--- START ---

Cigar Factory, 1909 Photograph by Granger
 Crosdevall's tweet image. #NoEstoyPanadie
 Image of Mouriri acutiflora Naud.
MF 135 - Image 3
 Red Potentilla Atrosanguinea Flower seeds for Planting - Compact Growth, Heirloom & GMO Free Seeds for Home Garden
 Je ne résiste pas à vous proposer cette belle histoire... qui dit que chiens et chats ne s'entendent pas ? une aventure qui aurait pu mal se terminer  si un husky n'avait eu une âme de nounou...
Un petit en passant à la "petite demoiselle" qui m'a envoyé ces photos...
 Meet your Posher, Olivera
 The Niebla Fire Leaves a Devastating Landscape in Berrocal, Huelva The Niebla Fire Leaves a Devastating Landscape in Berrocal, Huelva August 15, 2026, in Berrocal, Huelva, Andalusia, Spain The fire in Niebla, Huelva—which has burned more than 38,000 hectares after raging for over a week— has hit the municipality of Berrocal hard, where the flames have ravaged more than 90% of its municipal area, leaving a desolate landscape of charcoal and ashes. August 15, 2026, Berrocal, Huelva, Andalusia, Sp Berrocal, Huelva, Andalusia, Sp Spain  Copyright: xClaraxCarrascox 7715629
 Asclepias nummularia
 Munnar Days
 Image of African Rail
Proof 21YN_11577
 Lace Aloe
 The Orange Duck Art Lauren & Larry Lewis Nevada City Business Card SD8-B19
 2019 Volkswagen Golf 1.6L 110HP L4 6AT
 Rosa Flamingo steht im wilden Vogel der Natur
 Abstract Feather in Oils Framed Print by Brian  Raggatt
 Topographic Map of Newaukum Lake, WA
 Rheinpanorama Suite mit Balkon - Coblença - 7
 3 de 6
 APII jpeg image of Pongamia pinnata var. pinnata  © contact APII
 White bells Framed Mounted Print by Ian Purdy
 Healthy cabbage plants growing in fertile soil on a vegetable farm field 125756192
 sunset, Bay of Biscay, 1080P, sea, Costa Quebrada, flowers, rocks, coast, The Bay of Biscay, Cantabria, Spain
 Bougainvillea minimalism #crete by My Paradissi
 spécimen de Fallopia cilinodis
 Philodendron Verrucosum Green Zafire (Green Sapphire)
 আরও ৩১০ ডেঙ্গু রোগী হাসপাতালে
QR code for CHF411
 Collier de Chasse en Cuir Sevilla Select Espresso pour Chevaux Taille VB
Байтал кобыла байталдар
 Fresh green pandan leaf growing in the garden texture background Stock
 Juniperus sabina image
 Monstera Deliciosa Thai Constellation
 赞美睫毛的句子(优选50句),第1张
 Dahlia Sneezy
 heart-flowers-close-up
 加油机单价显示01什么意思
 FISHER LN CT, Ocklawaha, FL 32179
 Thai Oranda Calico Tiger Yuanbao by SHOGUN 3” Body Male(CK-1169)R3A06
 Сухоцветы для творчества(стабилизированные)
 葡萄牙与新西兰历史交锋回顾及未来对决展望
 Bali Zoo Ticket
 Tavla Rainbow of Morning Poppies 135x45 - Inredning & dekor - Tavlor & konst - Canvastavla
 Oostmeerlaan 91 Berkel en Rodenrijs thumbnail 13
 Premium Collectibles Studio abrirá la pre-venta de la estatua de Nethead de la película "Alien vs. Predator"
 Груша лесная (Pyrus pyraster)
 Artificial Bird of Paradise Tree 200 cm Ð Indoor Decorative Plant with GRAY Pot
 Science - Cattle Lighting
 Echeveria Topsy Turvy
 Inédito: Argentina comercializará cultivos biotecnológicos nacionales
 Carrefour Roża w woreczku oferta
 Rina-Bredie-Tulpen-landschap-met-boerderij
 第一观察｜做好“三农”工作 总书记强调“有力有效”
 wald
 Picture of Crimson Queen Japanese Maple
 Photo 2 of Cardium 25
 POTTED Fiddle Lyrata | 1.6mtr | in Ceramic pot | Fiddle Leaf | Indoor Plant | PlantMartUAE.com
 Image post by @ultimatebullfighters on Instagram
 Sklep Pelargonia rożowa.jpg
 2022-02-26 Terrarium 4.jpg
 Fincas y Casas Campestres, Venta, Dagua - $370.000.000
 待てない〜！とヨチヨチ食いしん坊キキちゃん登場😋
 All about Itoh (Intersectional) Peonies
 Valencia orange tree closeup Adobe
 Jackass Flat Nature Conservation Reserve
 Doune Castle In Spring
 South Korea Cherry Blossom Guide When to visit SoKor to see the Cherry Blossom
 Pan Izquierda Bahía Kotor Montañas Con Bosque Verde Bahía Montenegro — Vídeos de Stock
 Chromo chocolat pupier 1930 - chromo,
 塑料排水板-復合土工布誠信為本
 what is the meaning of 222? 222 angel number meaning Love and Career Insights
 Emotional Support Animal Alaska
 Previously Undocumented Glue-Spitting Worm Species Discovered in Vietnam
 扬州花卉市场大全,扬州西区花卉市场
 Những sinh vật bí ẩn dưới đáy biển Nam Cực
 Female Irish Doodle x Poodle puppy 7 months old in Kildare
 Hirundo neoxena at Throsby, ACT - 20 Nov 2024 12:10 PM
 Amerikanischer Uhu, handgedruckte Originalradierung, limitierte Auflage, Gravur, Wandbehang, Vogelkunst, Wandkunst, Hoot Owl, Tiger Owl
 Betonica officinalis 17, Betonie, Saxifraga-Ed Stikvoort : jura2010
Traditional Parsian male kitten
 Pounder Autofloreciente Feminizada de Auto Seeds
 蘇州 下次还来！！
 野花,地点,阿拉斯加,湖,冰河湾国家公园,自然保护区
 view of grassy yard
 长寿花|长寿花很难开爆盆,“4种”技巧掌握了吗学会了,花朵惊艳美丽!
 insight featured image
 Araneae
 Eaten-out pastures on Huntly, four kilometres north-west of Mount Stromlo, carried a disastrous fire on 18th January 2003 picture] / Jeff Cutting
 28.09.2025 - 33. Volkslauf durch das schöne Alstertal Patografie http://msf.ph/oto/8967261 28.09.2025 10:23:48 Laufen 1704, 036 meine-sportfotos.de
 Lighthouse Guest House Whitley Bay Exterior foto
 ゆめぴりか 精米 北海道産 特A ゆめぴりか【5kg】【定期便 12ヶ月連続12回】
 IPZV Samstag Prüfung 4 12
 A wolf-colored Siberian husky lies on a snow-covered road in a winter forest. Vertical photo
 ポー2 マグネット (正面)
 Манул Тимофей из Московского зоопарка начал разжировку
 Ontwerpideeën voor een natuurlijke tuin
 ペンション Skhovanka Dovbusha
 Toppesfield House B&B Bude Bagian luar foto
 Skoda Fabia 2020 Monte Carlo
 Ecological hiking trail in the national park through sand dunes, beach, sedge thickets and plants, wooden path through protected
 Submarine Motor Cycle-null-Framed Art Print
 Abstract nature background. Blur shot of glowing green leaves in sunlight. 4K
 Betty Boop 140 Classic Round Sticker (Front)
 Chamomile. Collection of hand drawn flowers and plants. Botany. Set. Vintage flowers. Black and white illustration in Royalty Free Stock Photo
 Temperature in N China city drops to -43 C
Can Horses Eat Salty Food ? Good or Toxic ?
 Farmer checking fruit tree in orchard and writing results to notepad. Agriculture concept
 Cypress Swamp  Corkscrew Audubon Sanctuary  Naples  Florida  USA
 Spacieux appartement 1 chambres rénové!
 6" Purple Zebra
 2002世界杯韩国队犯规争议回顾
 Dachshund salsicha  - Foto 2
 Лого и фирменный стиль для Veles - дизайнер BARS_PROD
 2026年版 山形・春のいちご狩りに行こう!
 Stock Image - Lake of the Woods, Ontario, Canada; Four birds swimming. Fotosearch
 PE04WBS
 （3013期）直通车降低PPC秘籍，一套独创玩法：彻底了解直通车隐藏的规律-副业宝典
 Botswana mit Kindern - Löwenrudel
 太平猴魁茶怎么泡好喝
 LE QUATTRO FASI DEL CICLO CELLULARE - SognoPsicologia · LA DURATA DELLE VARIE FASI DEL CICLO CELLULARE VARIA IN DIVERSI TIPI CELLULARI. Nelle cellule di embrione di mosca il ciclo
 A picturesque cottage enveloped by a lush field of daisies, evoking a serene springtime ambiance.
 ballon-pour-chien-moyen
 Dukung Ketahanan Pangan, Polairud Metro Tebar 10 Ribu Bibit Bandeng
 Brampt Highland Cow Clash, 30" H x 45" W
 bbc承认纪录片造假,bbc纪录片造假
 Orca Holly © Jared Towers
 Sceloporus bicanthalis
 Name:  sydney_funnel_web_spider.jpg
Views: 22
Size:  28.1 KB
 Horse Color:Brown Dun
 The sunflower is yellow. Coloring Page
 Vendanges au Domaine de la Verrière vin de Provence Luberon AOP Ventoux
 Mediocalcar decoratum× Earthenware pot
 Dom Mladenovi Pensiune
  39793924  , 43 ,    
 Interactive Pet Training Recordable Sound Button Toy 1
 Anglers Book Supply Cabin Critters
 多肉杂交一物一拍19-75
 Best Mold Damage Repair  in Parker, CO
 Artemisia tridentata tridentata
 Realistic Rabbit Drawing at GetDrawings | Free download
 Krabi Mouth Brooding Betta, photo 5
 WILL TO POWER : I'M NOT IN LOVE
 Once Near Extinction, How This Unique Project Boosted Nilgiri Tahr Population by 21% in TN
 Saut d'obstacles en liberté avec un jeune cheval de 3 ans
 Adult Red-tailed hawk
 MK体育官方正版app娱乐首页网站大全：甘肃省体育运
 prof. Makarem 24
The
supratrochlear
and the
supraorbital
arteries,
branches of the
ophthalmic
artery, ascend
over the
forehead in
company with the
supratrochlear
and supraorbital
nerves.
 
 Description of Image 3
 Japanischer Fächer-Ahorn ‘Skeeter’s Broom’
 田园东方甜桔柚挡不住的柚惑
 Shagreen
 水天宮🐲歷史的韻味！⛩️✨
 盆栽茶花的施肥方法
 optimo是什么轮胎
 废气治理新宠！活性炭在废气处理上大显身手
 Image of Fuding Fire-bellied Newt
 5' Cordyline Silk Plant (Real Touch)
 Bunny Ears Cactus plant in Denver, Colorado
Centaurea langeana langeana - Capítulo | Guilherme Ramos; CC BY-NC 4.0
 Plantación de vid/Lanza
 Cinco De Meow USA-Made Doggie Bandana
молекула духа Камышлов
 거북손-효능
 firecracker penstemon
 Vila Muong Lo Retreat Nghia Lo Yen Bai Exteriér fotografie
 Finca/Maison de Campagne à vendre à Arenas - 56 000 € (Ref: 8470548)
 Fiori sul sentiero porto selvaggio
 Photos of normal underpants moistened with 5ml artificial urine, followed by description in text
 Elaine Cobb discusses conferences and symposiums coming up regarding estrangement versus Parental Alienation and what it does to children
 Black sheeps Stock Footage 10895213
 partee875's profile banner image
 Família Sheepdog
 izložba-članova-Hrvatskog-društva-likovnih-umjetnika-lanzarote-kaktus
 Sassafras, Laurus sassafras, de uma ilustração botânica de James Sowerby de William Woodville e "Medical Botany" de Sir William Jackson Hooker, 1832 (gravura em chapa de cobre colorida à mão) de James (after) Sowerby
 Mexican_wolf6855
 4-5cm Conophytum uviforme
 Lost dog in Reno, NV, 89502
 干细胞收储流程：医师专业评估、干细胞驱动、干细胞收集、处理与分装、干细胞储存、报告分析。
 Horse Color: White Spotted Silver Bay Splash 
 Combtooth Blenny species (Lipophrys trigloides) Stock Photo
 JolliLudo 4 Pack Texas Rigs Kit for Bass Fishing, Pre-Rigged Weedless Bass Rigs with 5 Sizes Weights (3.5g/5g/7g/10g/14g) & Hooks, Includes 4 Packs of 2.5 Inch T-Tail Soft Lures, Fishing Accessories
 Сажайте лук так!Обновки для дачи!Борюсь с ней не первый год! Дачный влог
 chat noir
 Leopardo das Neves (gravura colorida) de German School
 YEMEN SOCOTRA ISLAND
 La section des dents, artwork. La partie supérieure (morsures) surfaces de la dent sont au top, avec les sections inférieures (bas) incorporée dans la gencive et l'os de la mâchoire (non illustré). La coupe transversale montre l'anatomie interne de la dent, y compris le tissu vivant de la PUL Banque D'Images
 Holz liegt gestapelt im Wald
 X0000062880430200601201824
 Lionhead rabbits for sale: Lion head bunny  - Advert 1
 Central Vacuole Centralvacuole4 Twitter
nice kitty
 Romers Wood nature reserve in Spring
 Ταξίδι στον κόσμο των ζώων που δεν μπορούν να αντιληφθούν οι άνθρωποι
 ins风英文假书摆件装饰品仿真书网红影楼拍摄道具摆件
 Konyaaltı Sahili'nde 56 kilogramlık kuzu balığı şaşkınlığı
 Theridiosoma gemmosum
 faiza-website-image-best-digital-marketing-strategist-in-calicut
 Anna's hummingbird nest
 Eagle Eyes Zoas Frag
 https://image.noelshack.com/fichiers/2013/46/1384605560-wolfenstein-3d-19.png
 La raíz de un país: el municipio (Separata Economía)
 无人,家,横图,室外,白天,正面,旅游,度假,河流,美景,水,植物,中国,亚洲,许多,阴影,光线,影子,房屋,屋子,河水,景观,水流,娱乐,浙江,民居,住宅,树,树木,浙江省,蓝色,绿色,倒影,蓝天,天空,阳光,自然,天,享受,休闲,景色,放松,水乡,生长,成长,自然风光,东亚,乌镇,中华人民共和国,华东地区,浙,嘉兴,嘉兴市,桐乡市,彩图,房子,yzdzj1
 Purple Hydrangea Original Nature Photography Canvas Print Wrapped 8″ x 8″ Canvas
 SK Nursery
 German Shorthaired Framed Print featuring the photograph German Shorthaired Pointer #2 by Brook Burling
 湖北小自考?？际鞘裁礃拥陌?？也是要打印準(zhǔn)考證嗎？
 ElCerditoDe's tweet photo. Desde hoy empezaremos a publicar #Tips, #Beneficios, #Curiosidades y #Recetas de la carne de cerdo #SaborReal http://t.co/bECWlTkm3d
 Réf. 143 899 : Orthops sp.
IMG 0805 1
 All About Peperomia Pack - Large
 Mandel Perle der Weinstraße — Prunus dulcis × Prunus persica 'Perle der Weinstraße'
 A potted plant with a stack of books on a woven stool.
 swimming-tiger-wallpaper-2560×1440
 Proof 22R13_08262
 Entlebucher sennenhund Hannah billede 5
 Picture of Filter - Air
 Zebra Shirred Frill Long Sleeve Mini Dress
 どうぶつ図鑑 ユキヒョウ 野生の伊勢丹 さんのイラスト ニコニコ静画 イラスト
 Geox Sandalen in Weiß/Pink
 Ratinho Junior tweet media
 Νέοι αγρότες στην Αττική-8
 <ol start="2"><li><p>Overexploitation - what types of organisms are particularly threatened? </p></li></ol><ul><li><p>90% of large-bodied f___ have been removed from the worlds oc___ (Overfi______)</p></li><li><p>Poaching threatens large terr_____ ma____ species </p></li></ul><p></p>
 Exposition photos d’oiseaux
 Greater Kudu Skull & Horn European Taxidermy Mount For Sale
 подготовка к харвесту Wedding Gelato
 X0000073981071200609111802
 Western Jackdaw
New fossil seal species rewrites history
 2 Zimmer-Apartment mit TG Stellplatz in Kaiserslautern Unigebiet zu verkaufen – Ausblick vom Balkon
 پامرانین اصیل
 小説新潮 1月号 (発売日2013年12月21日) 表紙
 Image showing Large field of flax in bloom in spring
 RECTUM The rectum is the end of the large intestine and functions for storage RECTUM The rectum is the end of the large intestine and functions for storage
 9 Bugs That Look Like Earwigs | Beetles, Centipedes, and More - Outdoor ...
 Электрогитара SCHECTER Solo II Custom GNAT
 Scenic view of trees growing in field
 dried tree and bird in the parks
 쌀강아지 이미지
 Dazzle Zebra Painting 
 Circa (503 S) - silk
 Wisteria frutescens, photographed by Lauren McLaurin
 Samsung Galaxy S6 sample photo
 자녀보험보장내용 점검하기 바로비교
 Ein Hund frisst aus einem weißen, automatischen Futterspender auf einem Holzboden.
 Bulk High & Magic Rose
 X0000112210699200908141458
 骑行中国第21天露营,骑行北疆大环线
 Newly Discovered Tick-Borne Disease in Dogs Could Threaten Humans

--- END ---

__REQUIRED WORK__:
There is a line with "2019 Volkswagen Golf 1.6L 110HP L4 6AT" and a line with "Photo 2 of Cardium 25" above. Copy exactly those two lines and all lines between them, with nothing else.

__RESPONSE FOR THIS EXERCISE__:
 2019 Volkswagen Golf 1.6L 110HP L4 6AT
 Rosa Flamingo steht im wilden Vogel der Natur
 Abstract Feather in Oils Framed Print by Brian  Raggatt
 Topographic Map of Newaukum Lake, WA
 Rheinpanorama Suite mit Balkon - Coblença - 7
 3 de 6
 APII jpeg image of Pongamia pinnata var. pinnata  © contact APII
 White bells Framed Mounted Print by Ian Purdy
 Healthy cabbage plants growing in fertile soil on a vegetable farm field 125756192
 sunset, Bay of Biscay, 1080P, sea, Costa Quebrada, flowers, rocks, coast, The Bay of Biscay, Cantabria, Spain
 Bougainvillea minimalism #crete by My Paradissi
 spécimen de Fallopia cilinodis
 Philodendron Verrucosum Green Zafire (Green Sapphire)
 আরও ৩১০ ডেঙ্গু রোগী হাসপাতালে
QR code for CHF411
 Collier de Chasse en Cuir Sevilla Select Espresso pour Chevaux Taille VB
Байтал кобыла байталдар
 Fresh green pandan leaf growing in the garden texture background Stock
 Juniperus sabina image
 Monstera Deliciosa Thai Constellation
 赞美睫毛的句子(优选50句),第1张
 Dahlia Sneezy
 heart-flowers-close-up
 加油机单价显示01什么意思
 FISHER LN CT, Ocklawaha, FL 32179
 Thai Oranda Calico Tiger Yuanbao by SHOGUN 3” Body Male(CK-1169)R3A06
 Сухоцветы для творчества(стабилизированные)
 葡萄牙与新西兰历史交锋回顾及未来对决展望
 Bali Zoo Ticket
 Tavla Rainbow of Morning Poppies 135x45 - Inredning & dekor - Tavlor & konst - Canvastavla
 Oostmeerlaan 91 Berkel en Rodenrijs thumbnail 13
 Premium Collectibles Studio abrirá la pre-venta de la estatua de Nethead de la película "Alien vs. Predator"
 Груша лесная (Pyrus pyraster)
 Artificial Bird of Paradise Tree 200 cm Ð Indoor Decorative Plant with GRAY Pot
 Science - Cattle Lighting
 Echeveria Topsy Turvy
 Inédito: Argentina comercializará cultivos biotecnológicos nacionales
 Carrefour Roża w woreczku oferta
 Rina-Bredie-Tulpen-landschap-met-boerderij
 第一观察｜做好“三农”工作 总书记强调“有力有效”
 wald
 Picture of Crimson Queen Japanese Maple
 Photo 2 of Cardium 25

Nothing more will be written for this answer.